__Record extracts__

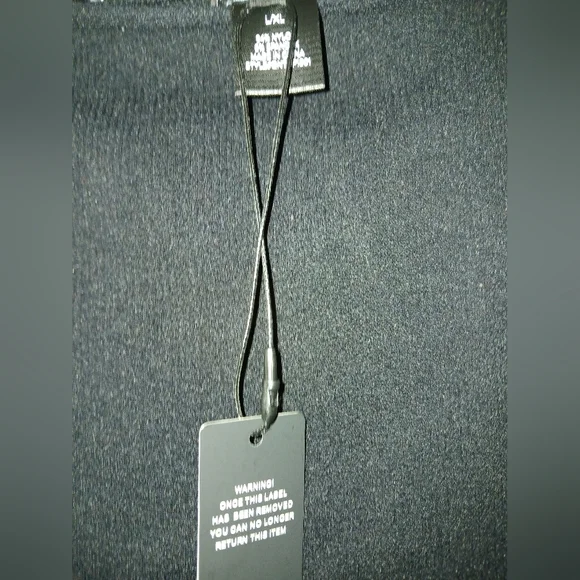 Sleek Black Fitted Bodysuit with Long Sleeves - Picture 11 of 13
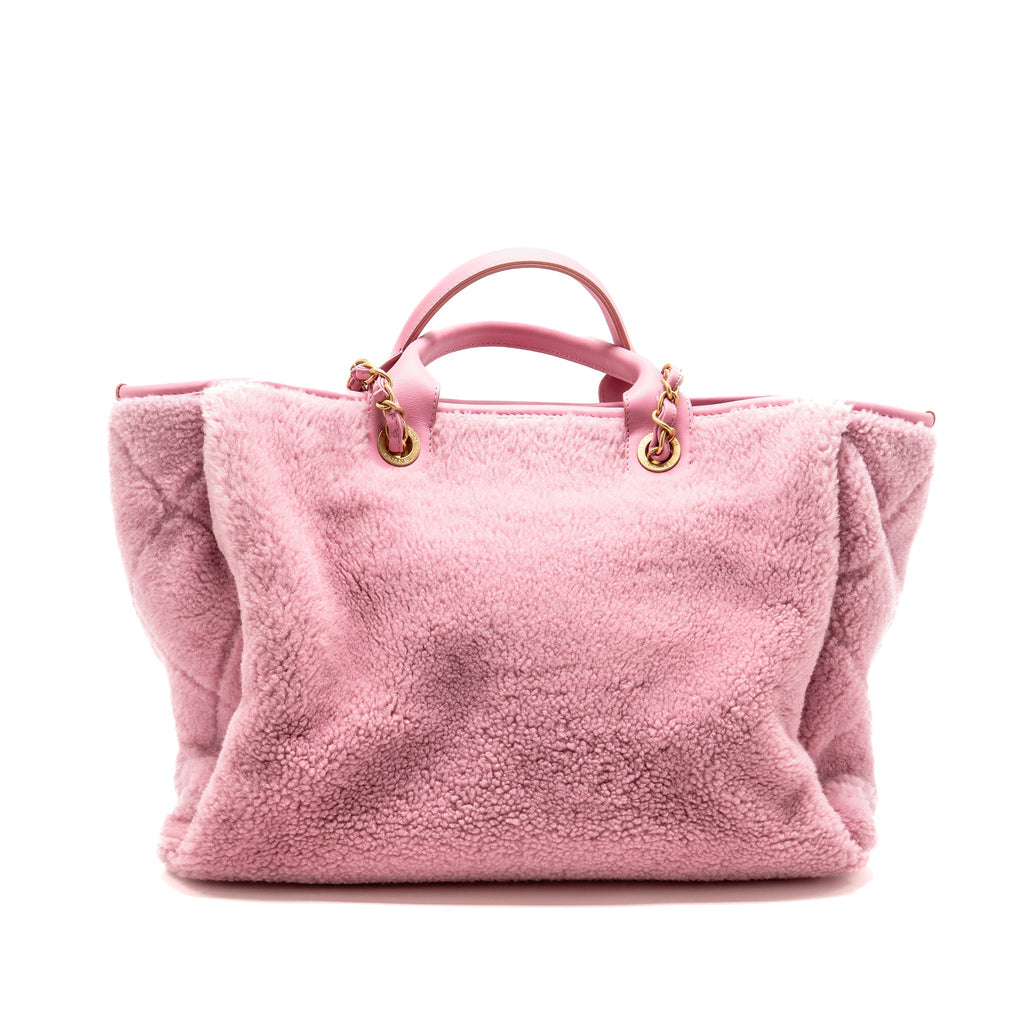 CHANEL 22A DEAUVILLE TOTE SHEARLING LAMBSKIN PINK GHW (MICROCHIP)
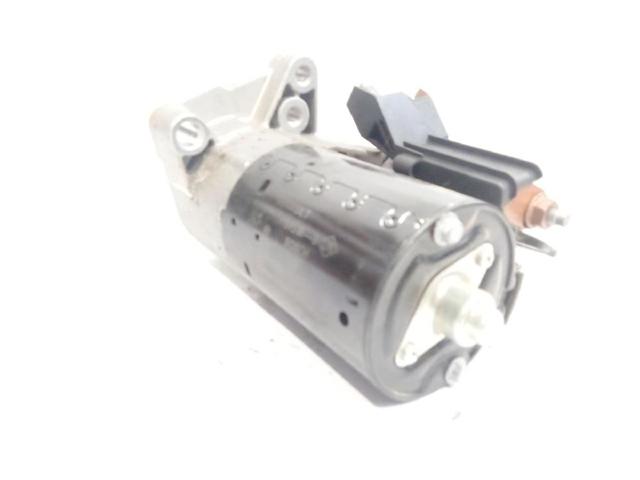 233005951R Renault (RVI)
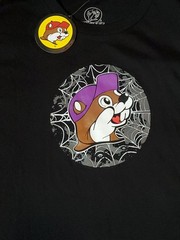 Buc-ee’s Halloween 2025~Put A Spell on Me~T-Shirt~Size 2XL~Glow in Dark~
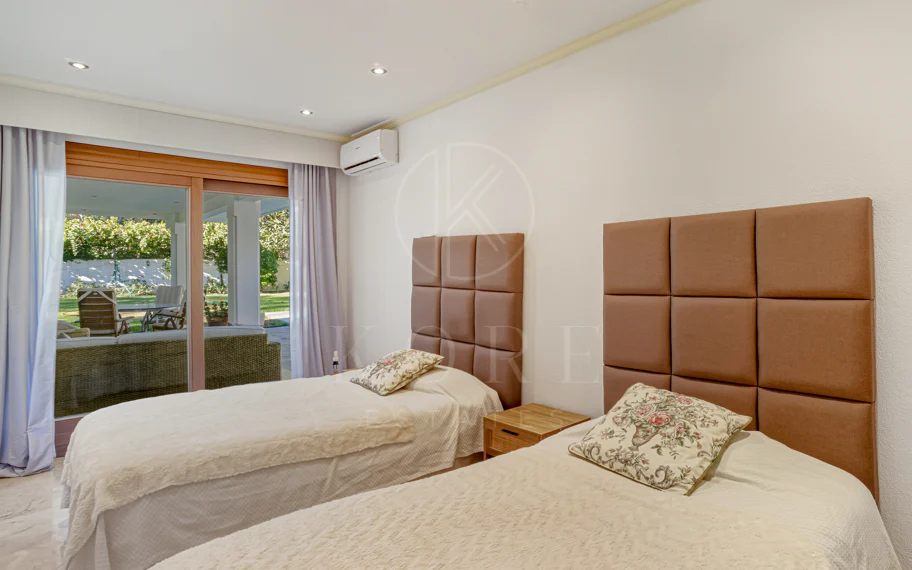 Elegant, southeast facing five bedroom Villa located on the New Golden Mile in Estepona, just steps from the beach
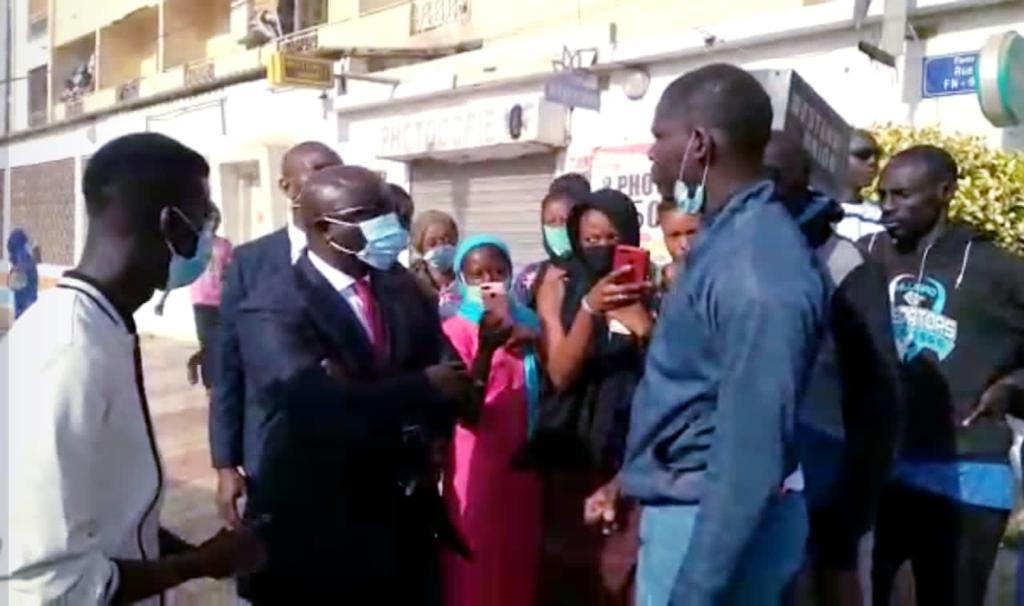 Manif à l'UCAD: Idrissa Seck  débarque et réussi à calmer les étudiants en colère  Manif à l'UCAD: Idrissa Seck  débarque et réussi à calmer les étudiants en colère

__Problem to solve__
Output all the records above exactly, but without their images.

__Output of the exercise__
 Sleek Black Fitted Bodysuit with Long Sleeves - Picture 11 of 13
 CHANEL 22A DEAUVILLE TOTE SHEARLING LAMBSKIN PINK GHW (MICROCHIP)
 233005951R Renault (RVI)
 Buc-ee’s Halloween 2025~Put A Spell on Me~T-Shirt~Size 2XL~Glow in Dark~
 Elegant, southeast facing five bedroom Villa located on the New Golden Mile in Estepona, just steps from the beach
 Manif à l'UCAD: Idrissa Seck  débarque et réussi à calmer les étudiants en colère  Manif à l'UCAD: Idrissa Seck  débarque et réussi à calmer les étudiants en colère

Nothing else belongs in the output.